İstanbul Büyükşehir Belediye Başkanı Ekrem İmamoğlu ve ekibine yönelik 19 Mart 2025’teki gözaltı ve tutuklama operasyonu, siyaset kulislerinde yeni bir tartışmanın fitilini ateşledi. Siyasi analistler, bu operasyonun sadece bir yerel yönetim hamlesi olmadığını, muhalefetin en güçlü kurumsal yapısı olan CHP’nin etkisizleştirilmesi için atılan ilk adım olabileceğini öne sürüyor.
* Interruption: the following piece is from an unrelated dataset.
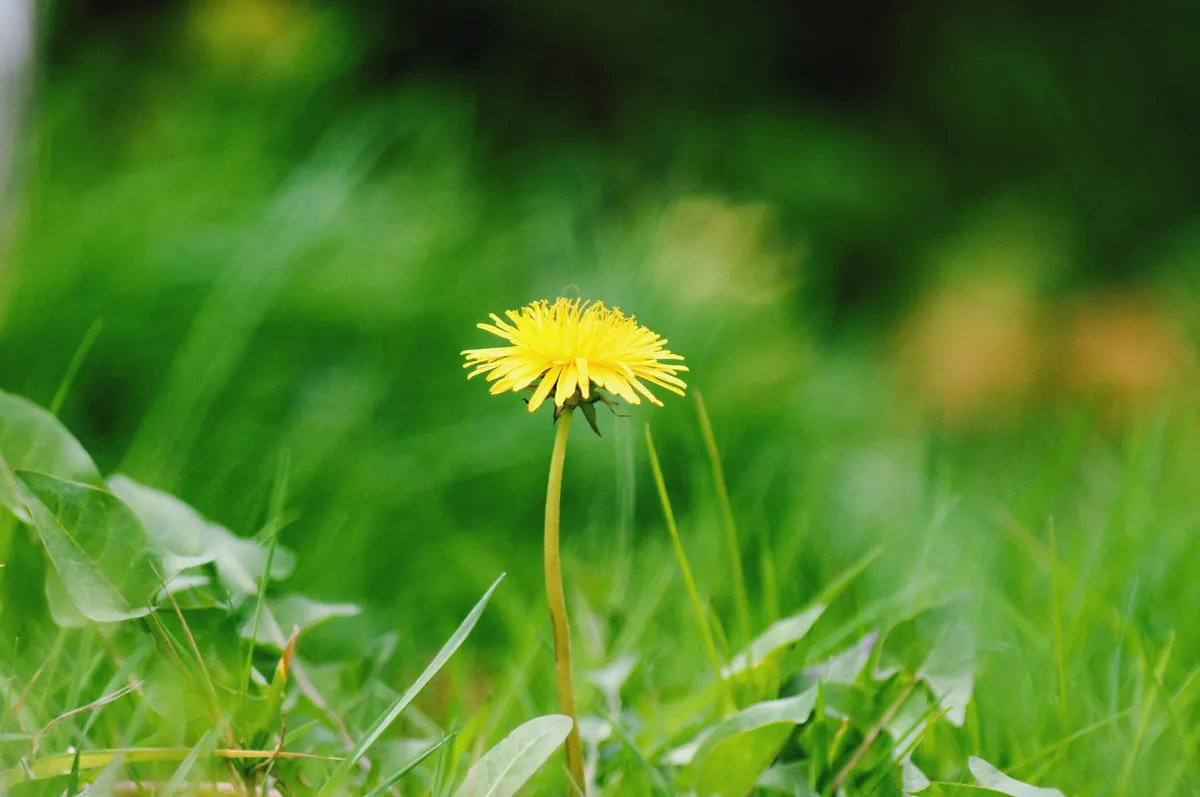 A dandelion flower grows surrounded by grass.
Muhalif.com.tr’de yer alan Muzaffer Ayhan Kara'nın köşe yazısına göre, iktidar bloğu uzun süredir yargıyı kullanarak seçim süreçlerini ve muhalefeti baskı altına alıyor. Yazıda, “Önce adayı etkisizleştir, ardından partiyi kontrol altına al” stratejisine dikkat çekilerek, İmamoğlu’nun devre dışı bırakılmasının ardından CHP’nin kurumsal olarak hedef alınabileceği ifade ediliyor.
CHP’nin son seçimlerde yükselen oy oranı ve yerel yönetimlerdeki güçlenmesinin, iktidar cephesinde “çift başlı iktidar” algısı yarattığı belirtiliyor. Bu durumun da operasyonların hızlanmasına yol açtığı yorumları yapılıyor.
Son dönemde bazı CHP il yönetimlerine ve kurultay süreçlerine yönelik yargı kararlarının artması da bu tezi destekleyen gelişmeler arasında gösteriliyor. Yazıda, Asliye Hukuk Mahkemeleri üzerinden alınan kararların, siyasete yargı müdahalesinin yeni bir boyut kazandığının altı çiziliyor.
Siyasi kulislerde, 19 Mart operasyonunun sadece bir başlangıç olduğu konuşuluyor. Yazıda, “Sırada CHP mi var?” sorusu sorularak, Türkiye’nin demokrasi ve hukuk devleti açısından kritik bir dönemece girdiği uyarısında bulunuluyor.